Si bien dediqué los fines de semana a recorrer la ciudad y alrededores, todas
las tardes, grises y oscuras, de aquellos meses de enero y febrero, tras la
jornada laboral, me encontraba recorriendo a solas las calles con la única
compañía de un paraguas que me protegía de la recalcitrante aguanieve y cenando
(mi superior belga fue muy generoso y bondadoso conmigo) en los mejores
restaurantes bruselenses que rodean la Grand-Place. Cada vez que el maître,
viéndome solo, me preguntaba lo evidente, “¿mesa para una persona?”, me
asaltaba una extraña sensación de rareza y abandono. Quizá todo esto suene a la
percepción de un ser triste y deprimido. ¿Qué queréis que os diga? Quizá sí. Tenía
veinticinco años y era la primera vez que salía de España solo y por motivos de
trabajo. Pero esa solo fue la primera de las muchas experiencias que le han seguido,
aunque ninguna tan prolongada.
Cuando
estás ─o te sientes─ solo, rodeado de una muchedumbre desconocida y extraña
para ti, las horas se hacen interminables en cualquier parte. Salas de espera
en terminales interminables, enormes y fríos vestíbulos de hotel, bares y restaurantes
abarrotados de clientes, ya sean parejas o grupos de amigos.
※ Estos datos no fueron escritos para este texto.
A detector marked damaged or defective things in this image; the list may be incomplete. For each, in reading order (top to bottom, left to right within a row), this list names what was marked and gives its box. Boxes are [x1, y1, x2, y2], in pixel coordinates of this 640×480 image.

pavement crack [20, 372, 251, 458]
Y tú ocupando una
mesa en un rincón de la sala o del comedor para intentar pasar desapercibido y
contando las horas para estar de nuevo con los tuyos, en tu ambiente y con la
compañía que deseas y echas en falta.
He
estado en muchos hoteles y ciudades de Europa y América por trabajo y nunca me
he sentido totalmente a gusto. Llamar a casa y oír una voz querida era lo
único que llenaba de luz esa penumbra anímica que me provocaba la soledad.
Quizá
sea un tipo raro, o por lo menos atípico, pero para mí no hay nada
menor que estar en casa. Y si hay que hacer turismo, que sea en grata compañía.
La soledad de los hoteles no se la deseo a nadie.